Player Streaks & Prop Trends
- Similar to the above, it’s hard to glean much from the previous year, or even the preseason, as players are mostly just trying to catch rhythms in exhibition action and are playing on fractured rosters against other fractured rosters. If you want to carry momentum from the playoffs, though, no player produced more for the Leafs in the last 10 games of last year than Morgan Rielly, who picked up 12 points.
- On the goals and shots end, your player is Auston Matthews. Even with a cold spell towards the end and a stick that wasn’t firing with the same pinpoint accuracy as usual, he had the team’s most goals (five) and shots (47) in those final 10 games.
- Three players who closed out last year well for Montreal were Nick Suzuki (4G 5A 9PTS in the final 10 games), Jake Evans (0G 8A) and Rafael Harvey-Pinard (5G 1A in his final six games). Evans and Harvey-Pinard will be playing in lower-minute roles tonight, so Suzuki is likely the man of interest here.
Wagers to consider
- Bet365 is offering a Super Boost for the Leafs’ goals tonight. You can get Toronto scoring three or more at +100, which doesn’t seem like a massive return but is much better than the regular price of -500. Nothing is a guarantee, but in a game which sees a team that scored three or more in 57 of 82 games last year going up against a team that allowed three or more in 58 of 82, it feels worthwhile to take advantage of.

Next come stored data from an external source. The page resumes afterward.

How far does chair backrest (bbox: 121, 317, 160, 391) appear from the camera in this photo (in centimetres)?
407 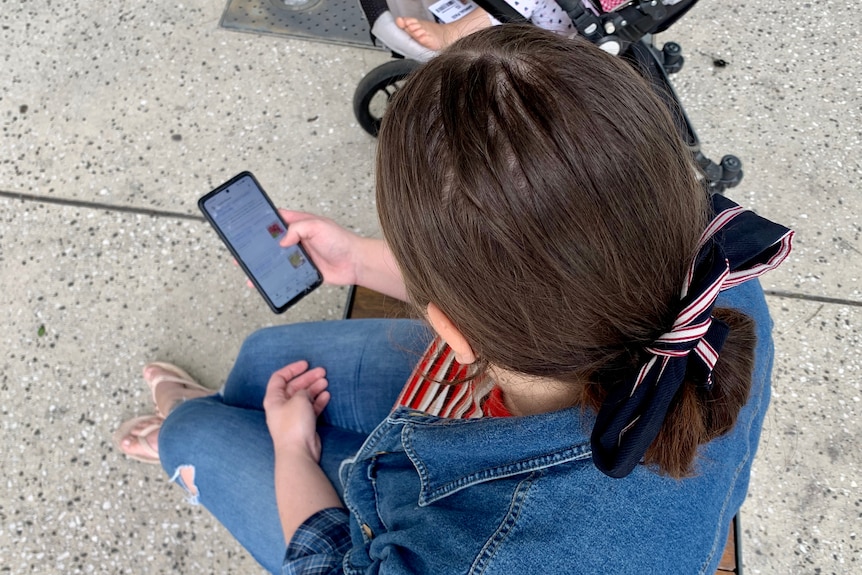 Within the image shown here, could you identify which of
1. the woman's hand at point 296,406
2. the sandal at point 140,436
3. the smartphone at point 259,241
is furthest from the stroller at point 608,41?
the sandal at point 140,436

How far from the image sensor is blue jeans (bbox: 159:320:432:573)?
1077 millimetres

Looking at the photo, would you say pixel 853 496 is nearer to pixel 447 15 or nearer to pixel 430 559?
pixel 430 559

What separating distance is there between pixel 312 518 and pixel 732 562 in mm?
915

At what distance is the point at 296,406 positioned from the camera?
42.8 inches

- Auston Matthews and Cole Caufield are going to be two players to watch on the goal-scoring front, with Matthews wanting to shake off his end-of-year slump and show why he signed his contract extension, and Caufield eager to make his return from last year’s injury a loud one. You can get Matthews as an anytime scorer at -140 right now, the shortest odds for any scorer. Caufield is a bit more fruitful at +190, the shortest for a Montreal player and fifth-shortest overall.
- In fact, if you’re feeling a Montreal upset to start the season off, a Caufield goal paired with over 2.5 Montreal goals and a Habs win can be picked up as a boosted same-game parlay, at +750 (normally +650).